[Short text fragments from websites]
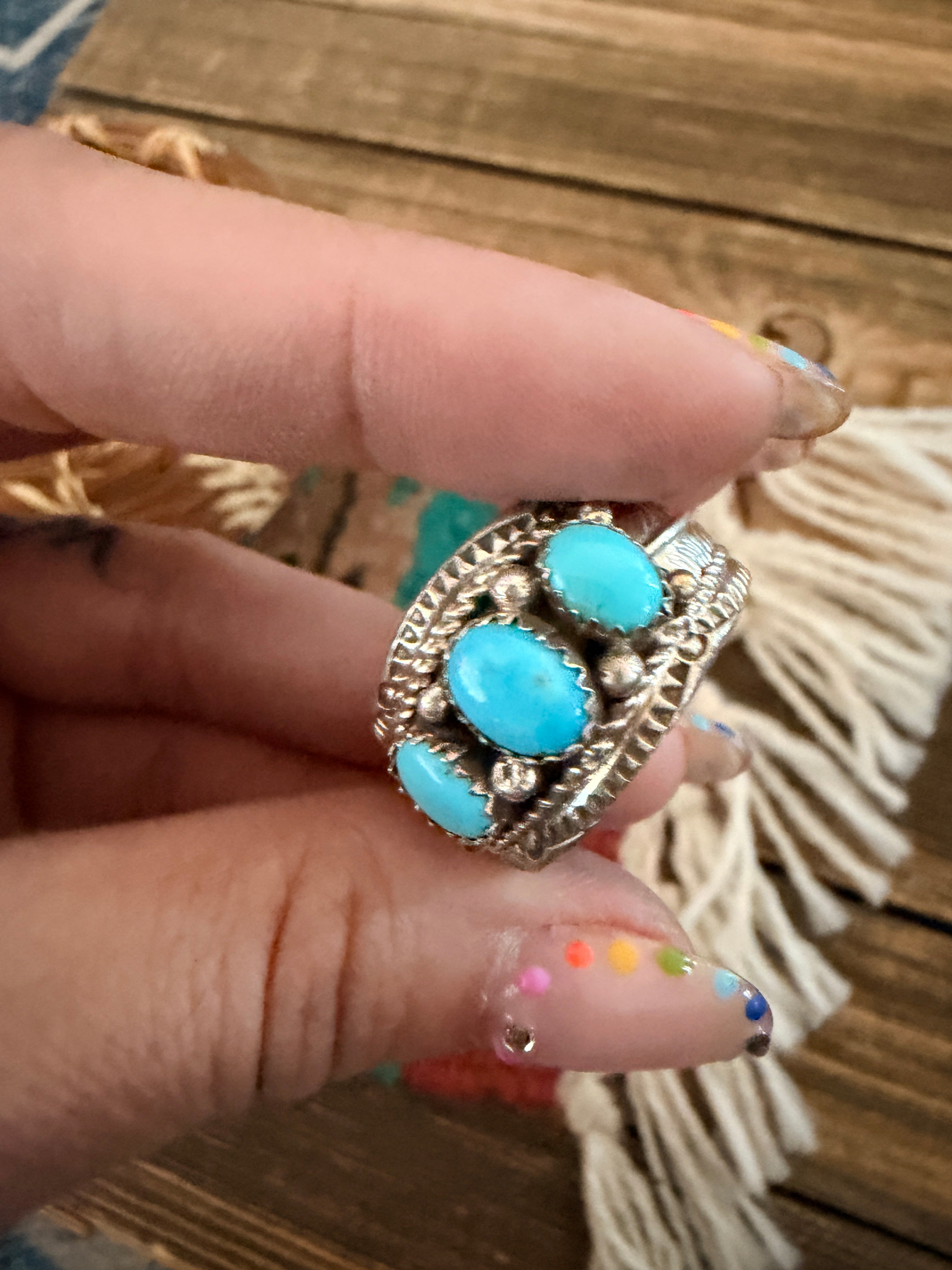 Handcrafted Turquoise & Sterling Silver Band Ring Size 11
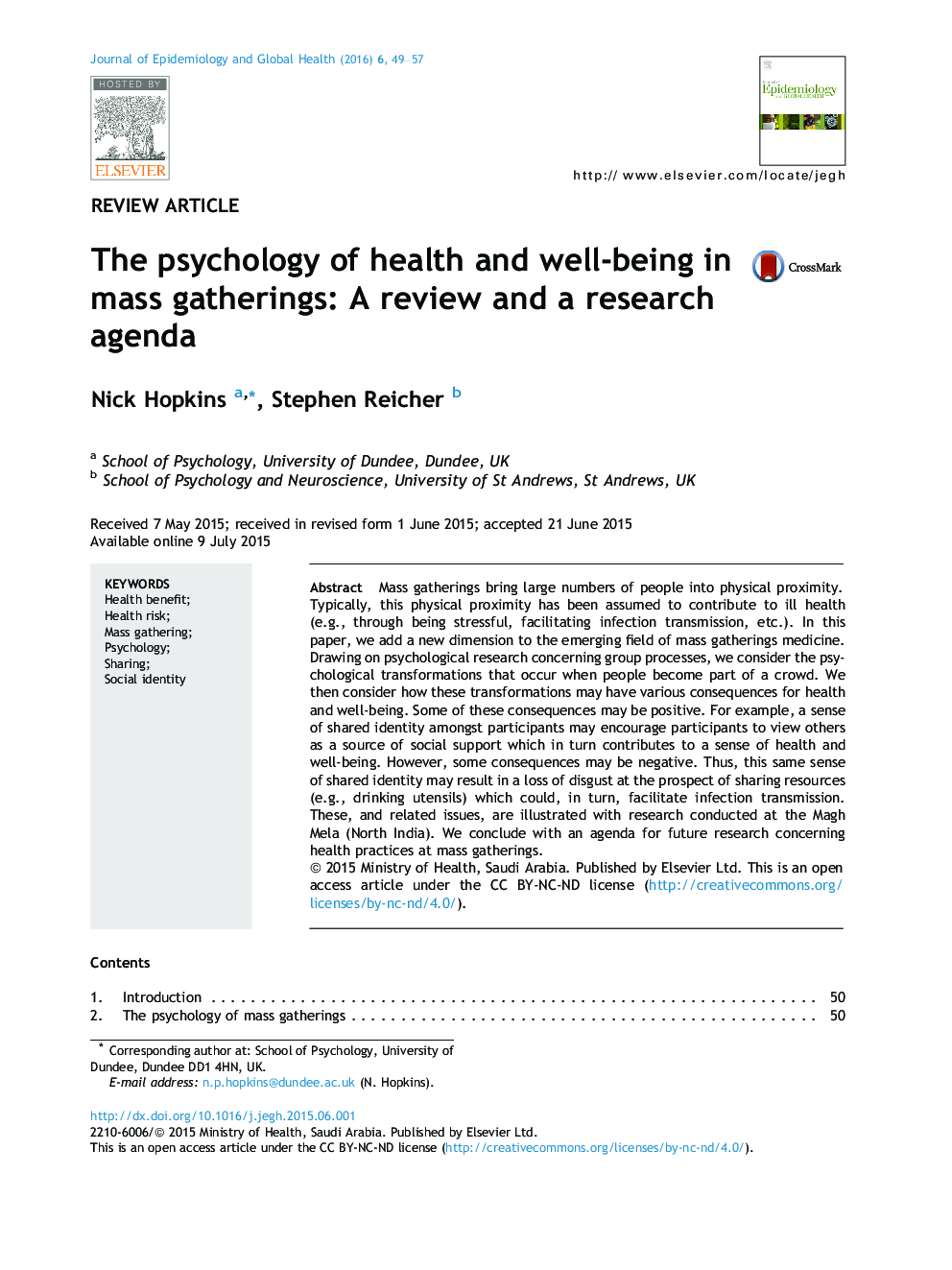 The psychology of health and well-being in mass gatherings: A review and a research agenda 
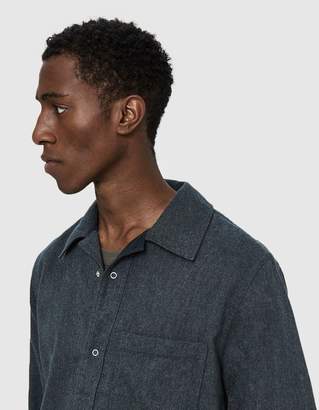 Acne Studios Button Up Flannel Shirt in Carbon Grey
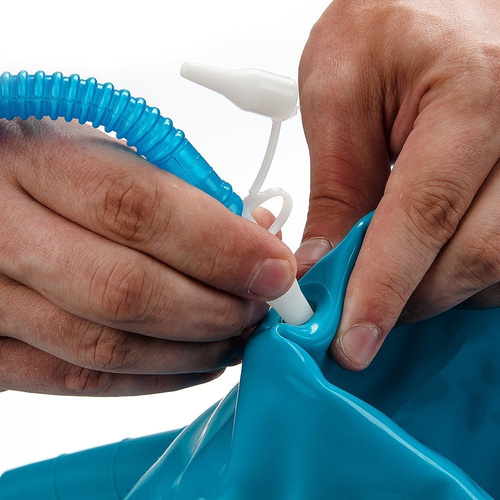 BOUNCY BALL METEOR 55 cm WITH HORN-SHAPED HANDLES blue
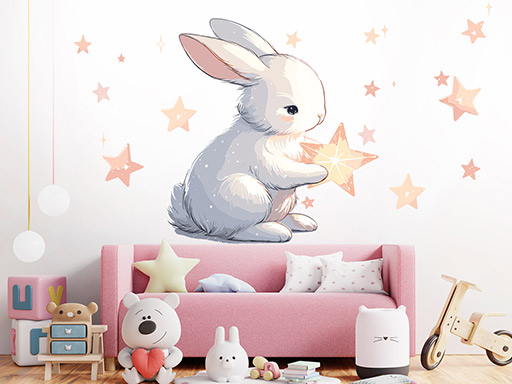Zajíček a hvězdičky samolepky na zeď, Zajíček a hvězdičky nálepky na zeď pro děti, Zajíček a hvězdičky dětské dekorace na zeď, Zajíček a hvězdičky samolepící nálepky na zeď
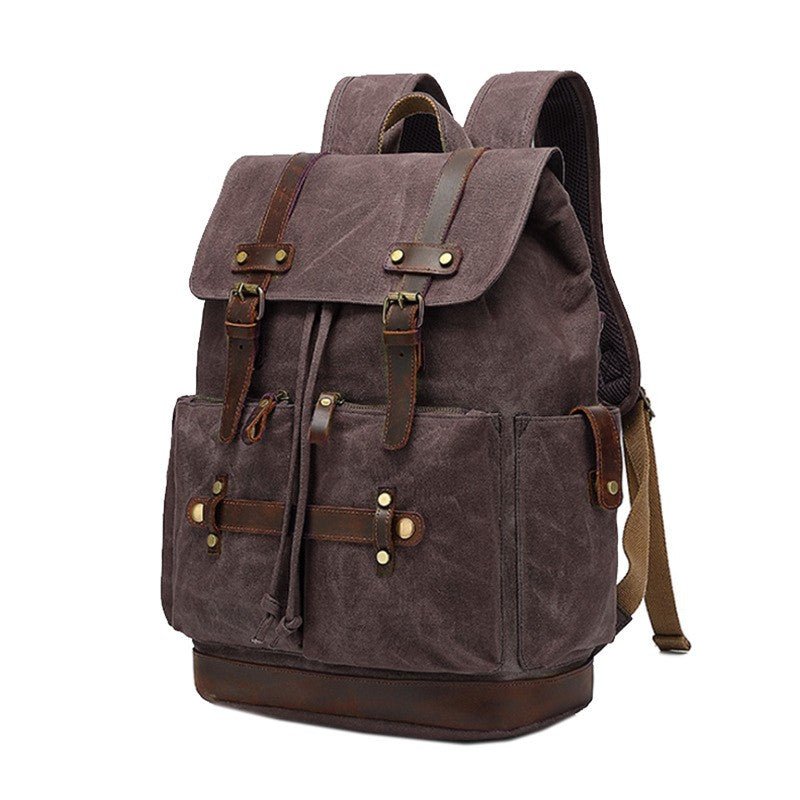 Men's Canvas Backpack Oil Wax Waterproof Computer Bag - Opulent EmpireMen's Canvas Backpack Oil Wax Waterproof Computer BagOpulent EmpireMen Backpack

Problem details:
Copy out every entry above verbatim. Leave each picture out.

Response to this exercise:
 Handcrafted Turquoise & Sterling Silver Band Ring Size 11
 The psychology of health and well-being in mass gatherings: A review and a research agenda 
 Acne Studios Button Up Flannel Shirt in Carbon Grey
 BOUNCY BALL METEOR 55 cm WITH HORN-SHAPED HANDLES blue
Zajíček a hvězdičky samolepky na zeď, Zajíček a hvězdičky nálepky na zeď pro děti, Zajíček a hvězdičky dětské dekorace na zeď, Zajíček a hvězdičky samolepící nálepky na zeď
 Men's Canvas Backpack Oil Wax Waterproof Computer Bag - Opulent EmpireMen's Canvas Backpack Oil Wax Waterproof Computer BagOpulent EmpireMen Backpack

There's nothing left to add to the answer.